Computing Applications Multimodal interfaces that flex, adapt, and persist

Multimodal Conversational Systems For Automobiles

By Roberto Pieraccini, Krishna Dayanidhi, Jonathan Bloom, Jean-Gui Dahan, Michael Phillips, Bryan R. Goodman, and K. Venkatesh Prasad

Posted Jan 1 2004

Article
References
Authors
Footnotes
Figures

Currently available in-vehicle speech recognition systems are designed around a single-utterance-command paradigm [2], with as many as 200 commands¹ that must be learned or referenced in a manual—an unpractical option while driving. The combination of a flexible dialogue-based speech system with a visual and haptic touch screen, while still an area of active research [1, 3], provides the opportunity for an intuitive and effective multimodal interface for vehicles.

SpeechWorks² and Ford designed and realized a prototype targeted at relaxing the limitations of the current systems by adopting a conversational speech interface coupled with a touch-screen display. The system, which controls vehicle functions such as climate, telephone, navigation, MP3 player, and personalization, was installed in the Ford Model U concept vehicle and first shown at the 2003 North American International Auto Show in Detroit. Figure 1 shows an image of the actual car interior where the touch-screen interface is visible on the dashboard. Figure 2 shows a depiction of the GUI in one of its various configurations.
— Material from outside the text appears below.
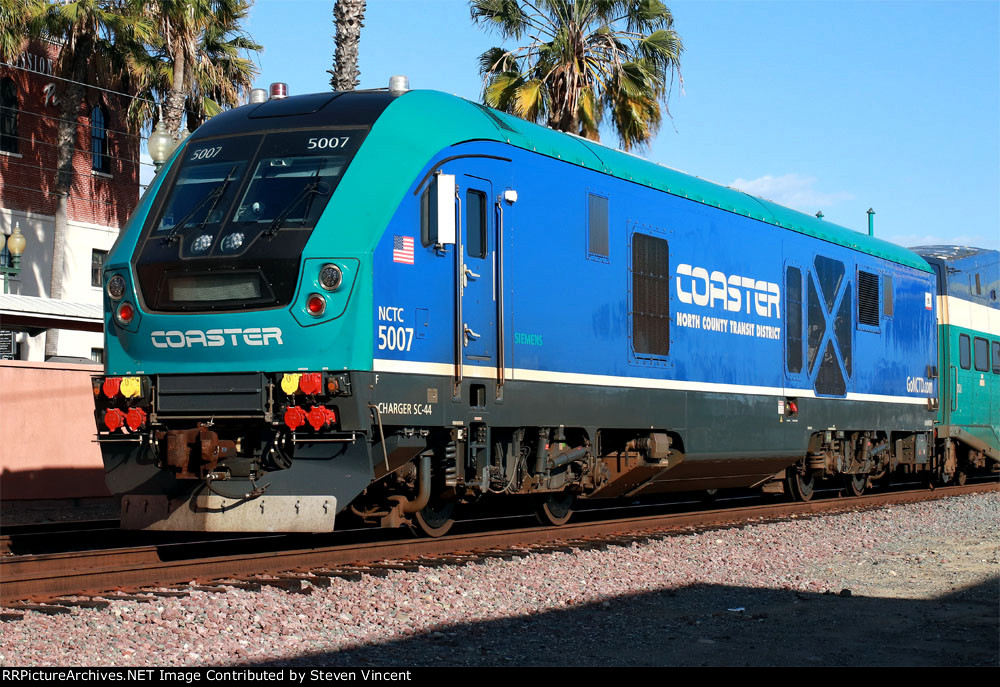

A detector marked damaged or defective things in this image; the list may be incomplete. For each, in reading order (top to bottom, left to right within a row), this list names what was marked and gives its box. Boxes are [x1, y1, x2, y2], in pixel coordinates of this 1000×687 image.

rusty rail track [1, 482, 992, 604]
The multimodality of the system allows users to adapt to their environment, for example, interacting through the GUI when the car is stopped at a light versus when the car is moving. In addition, we designed the two modalities to complement each other; the graphic interface controls providing hints of the corresponding voice commands. New users interact by speaking commands shown on the display, while the system engages in a directed dialogue and prompts for missing information. Experienced users can then adopt more effective commands and decide, at each turn, whether to interact by using speech or touch controls. The following is an example of the interaction:

User speaks: Climate Control.
System speaks: Climate Control. Warmer or cooler? (The system displays changes to climate control display showing a list of options, including seat temperature, fan speed/direction, and so on).
User: Seat temperature.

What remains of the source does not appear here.